2. Do you purchase a cell phone in 2023 with "Camera quality" in mind? Not trying to be rude, I'm actively sampling this query. I can't understand this and haven't since modern smart phones proliferated. No matter the phone, set it to raw, take photo ,edit in post. Comes out leagues better than any ios, pixel etc photo. and I don't know who is taking so many photos and comparing them to care.

3. The accessory case is a criticism is a bit more valid but come on. THis phone is losing money on every sale. If they sell one of these cases for every phone, they MAY come out ahead because as you said, the cases are cheap junk. Don't buy the case if this is a problem. This last years, apple switched from leather cases to "vegan leather". Same cost, made in china. More than the cost of this fair phone case.

I feel like if you own a framework, you should understand that the criticisms you listed are.....not criticisms and are in fact features or obvious requirements for a loss-leading edge case device. There is no 100 percent, perfect, sustainable mobile device like there is for workstations, because the walled garden of mobile devices is unfortunatley just more rigidly architectured.

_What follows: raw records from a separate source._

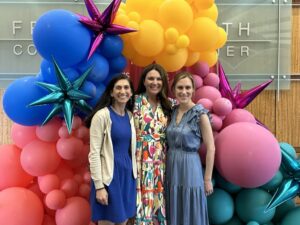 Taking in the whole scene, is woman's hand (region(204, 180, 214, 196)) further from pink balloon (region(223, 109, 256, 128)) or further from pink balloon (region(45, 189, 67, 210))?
pink balloon (region(45, 189, 67, 210))

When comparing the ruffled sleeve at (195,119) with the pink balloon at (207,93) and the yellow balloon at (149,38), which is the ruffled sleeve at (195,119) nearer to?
the pink balloon at (207,93)

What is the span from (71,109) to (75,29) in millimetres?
429

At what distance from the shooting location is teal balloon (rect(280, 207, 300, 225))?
2.07 metres

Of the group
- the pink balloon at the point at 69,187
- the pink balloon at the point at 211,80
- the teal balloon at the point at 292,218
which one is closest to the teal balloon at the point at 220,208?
the teal balloon at the point at 292,218

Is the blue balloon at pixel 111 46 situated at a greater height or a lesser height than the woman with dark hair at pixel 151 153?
greater

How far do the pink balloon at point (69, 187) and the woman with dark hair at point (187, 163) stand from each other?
56cm

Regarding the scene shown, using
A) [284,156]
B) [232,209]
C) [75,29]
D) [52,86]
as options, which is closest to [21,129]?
[52,86]

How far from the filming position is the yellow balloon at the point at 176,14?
1.95 meters

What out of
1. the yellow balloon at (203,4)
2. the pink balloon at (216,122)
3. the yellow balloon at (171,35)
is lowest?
the pink balloon at (216,122)

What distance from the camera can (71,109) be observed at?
186 cm

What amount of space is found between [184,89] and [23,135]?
1018mm

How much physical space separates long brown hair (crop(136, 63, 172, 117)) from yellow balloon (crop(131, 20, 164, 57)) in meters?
0.13

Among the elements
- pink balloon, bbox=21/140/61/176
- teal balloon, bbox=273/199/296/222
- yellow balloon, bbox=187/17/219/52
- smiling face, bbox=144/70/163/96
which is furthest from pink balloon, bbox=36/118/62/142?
teal balloon, bbox=273/199/296/222

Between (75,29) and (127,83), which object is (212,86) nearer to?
(127,83) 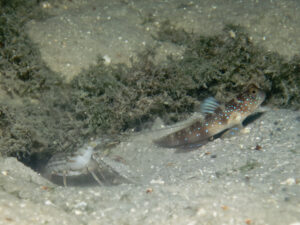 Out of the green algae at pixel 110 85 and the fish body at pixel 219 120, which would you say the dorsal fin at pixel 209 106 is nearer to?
the fish body at pixel 219 120

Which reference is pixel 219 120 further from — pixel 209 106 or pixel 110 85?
pixel 110 85

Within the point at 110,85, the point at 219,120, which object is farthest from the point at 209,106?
the point at 110,85

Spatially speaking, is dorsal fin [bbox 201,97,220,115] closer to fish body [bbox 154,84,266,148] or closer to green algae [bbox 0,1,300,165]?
fish body [bbox 154,84,266,148]

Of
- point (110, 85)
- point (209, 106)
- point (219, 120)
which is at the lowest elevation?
point (219, 120)

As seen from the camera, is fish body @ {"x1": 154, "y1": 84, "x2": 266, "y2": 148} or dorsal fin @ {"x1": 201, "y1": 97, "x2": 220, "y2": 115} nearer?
fish body @ {"x1": 154, "y1": 84, "x2": 266, "y2": 148}

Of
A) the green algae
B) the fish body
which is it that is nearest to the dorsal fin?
the fish body

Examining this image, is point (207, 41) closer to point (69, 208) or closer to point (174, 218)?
point (174, 218) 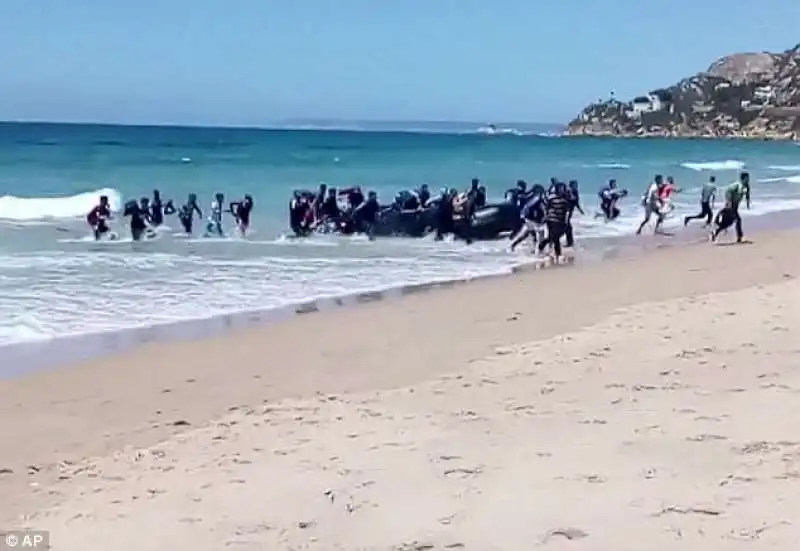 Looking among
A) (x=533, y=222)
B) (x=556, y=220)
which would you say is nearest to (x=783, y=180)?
(x=533, y=222)

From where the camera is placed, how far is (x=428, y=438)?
20.2 ft

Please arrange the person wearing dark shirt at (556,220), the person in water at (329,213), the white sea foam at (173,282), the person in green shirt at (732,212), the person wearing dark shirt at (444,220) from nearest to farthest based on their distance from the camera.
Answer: the white sea foam at (173,282)
the person wearing dark shirt at (556,220)
the person in green shirt at (732,212)
the person wearing dark shirt at (444,220)
the person in water at (329,213)

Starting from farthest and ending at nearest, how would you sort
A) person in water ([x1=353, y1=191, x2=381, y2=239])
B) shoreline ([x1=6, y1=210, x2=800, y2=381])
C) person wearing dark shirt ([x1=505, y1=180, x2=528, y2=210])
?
person wearing dark shirt ([x1=505, y1=180, x2=528, y2=210]) → person in water ([x1=353, y1=191, x2=381, y2=239]) → shoreline ([x1=6, y1=210, x2=800, y2=381])

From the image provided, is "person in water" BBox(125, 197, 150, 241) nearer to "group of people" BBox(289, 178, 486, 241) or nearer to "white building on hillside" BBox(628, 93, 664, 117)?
"group of people" BBox(289, 178, 486, 241)

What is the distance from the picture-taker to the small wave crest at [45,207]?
2865cm

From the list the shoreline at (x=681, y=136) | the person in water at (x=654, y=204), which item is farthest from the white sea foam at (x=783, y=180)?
the shoreline at (x=681, y=136)

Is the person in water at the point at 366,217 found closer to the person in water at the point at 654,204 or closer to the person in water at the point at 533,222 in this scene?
the person in water at the point at 533,222

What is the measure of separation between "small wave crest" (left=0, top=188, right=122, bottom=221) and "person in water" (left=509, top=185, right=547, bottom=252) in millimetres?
12166

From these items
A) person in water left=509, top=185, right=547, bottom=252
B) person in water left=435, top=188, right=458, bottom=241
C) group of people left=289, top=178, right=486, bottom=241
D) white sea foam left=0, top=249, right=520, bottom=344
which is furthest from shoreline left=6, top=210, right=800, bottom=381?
group of people left=289, top=178, right=486, bottom=241

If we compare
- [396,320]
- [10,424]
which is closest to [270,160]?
[396,320]

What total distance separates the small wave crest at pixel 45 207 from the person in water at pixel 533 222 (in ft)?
39.9

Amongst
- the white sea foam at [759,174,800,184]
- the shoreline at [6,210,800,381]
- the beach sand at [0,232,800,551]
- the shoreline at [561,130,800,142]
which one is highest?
the shoreline at [561,130,800,142]

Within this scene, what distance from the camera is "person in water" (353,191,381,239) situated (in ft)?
72.9

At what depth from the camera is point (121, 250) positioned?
1909 cm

> 2. Do you purchase a cell phone in 2023 with "Camera quality" in mind? Not trying to be rude, I'm actively sampling this query. I can't understand this and haven't since modern smart phones proliferated. No matter the phone, set it to raw, take photo ,edit in post. Comes out leagues better than any ios, pixel etc photo. and I don't know who is taking so many photos and comparing them to care.

The whole idea of smartphone cameras is that nobody is editing RAWs. I have issues with the GP comment but wanting a high quality camera is not one of them. Taking decent-to-great smartphone photos, whether inane or artistic, is a staple of modern life. (Although it sounds more like a status thing in their case, like they don't want someone else in their social group to be the go-to photographer? Maybe it was just not worded clearly.)w


Goodness no, not status, you must not know me. :)

People preferring this phone's photos is just evidence that it actually takes better snapshots, rather than me being biased about my own tech choices. Wrangling a bunch of parents and children for a photo is hard enough. I like knowing that the camera won't be yet another reason why we need to wrangle everyone twice rather than just once.

(Fully agreed on the RAW thing. Photography for me isn't a hobby; it's just a way for the family to remember what everyone looked like last Thanksgiving, preferably not with someone's face silhouetted by poor lighting.)